The original of this painting was a coloured pencil sketch, and was an attempt to portray how a modern building with its skeleton structure of beams and plate glass windows, when seen from below sometimes have a dizzying vertiginous quality. articularly when looking up at building with clouds passing overhead, there is sometimes the sensation that either the building or the viewer is falling. The original sketch was of just the beams, done in 3 dimensions with the exterior surface in pink and the two inner parts of the beam in two tones of grey. Even in the original, the background was light blue to resemble the sky, as in working n the drawing I realized that I was actually drawing a glass & steel building and that the reflection should be the sky. When I came to make a painting of this idea, I could play up the sky element by painting in clouds before the grid of the building was painted on. While working on the painting, I also realized that the grid of the girders also resembled a net over the sky. This could be either a protective net or a constraining net, which in any case led me to think of the possibility that it could stand for the Internet or World Wide Web, with connotations for either better or worse.

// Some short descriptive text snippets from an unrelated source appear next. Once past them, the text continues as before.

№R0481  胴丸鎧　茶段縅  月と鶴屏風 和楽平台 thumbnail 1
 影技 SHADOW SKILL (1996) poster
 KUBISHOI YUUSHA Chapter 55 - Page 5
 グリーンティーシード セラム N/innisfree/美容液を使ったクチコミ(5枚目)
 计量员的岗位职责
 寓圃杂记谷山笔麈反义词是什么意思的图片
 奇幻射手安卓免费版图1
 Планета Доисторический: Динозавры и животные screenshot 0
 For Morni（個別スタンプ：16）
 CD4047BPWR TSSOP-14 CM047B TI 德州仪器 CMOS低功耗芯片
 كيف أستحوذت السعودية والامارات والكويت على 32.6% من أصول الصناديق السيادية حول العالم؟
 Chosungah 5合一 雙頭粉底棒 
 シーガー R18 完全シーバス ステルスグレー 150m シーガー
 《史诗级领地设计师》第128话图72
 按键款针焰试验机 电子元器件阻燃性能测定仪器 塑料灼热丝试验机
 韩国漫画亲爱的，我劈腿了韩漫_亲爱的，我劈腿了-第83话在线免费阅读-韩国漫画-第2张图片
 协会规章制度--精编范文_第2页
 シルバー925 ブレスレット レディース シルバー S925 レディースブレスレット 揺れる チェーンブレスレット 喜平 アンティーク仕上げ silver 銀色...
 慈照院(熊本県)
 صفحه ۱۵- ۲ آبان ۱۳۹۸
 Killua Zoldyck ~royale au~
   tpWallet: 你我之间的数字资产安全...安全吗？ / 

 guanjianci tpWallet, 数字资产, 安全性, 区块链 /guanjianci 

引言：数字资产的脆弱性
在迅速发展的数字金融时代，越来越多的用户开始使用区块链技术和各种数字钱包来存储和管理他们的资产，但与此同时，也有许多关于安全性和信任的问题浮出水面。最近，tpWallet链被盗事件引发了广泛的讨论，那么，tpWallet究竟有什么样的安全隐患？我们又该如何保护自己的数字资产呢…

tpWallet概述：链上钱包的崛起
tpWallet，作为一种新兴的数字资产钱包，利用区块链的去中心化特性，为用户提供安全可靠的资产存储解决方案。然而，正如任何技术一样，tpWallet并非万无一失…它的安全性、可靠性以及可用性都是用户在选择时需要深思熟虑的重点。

Sometimes during the winter I take up making bracelets to pass the evenings and to create something at the same time as carrying on a onversation or watching television. I wear bracelets myself and was full of ideas, particularly using old necklaces or bags of used mixed beads I found in second hand stores. I needed a display board to display the bracelets, aside from the regular black velvet. A look at a Modigliani portrait led to the idea for the design. A Sahara look would play up the tribal aspect of the bracelets. I asked a friend who sketches to do a face for me, and I kept his primitive look with its uneven eyes, important nose and sensual lips, down to the sloping thin shoulders. Because the tone would be all warm earth colours, I introduced blues to the body to give the lady depth against her hot dry background. People taken aback to see that the beads are real, as it is both beads and eyes which pull one toward the picture.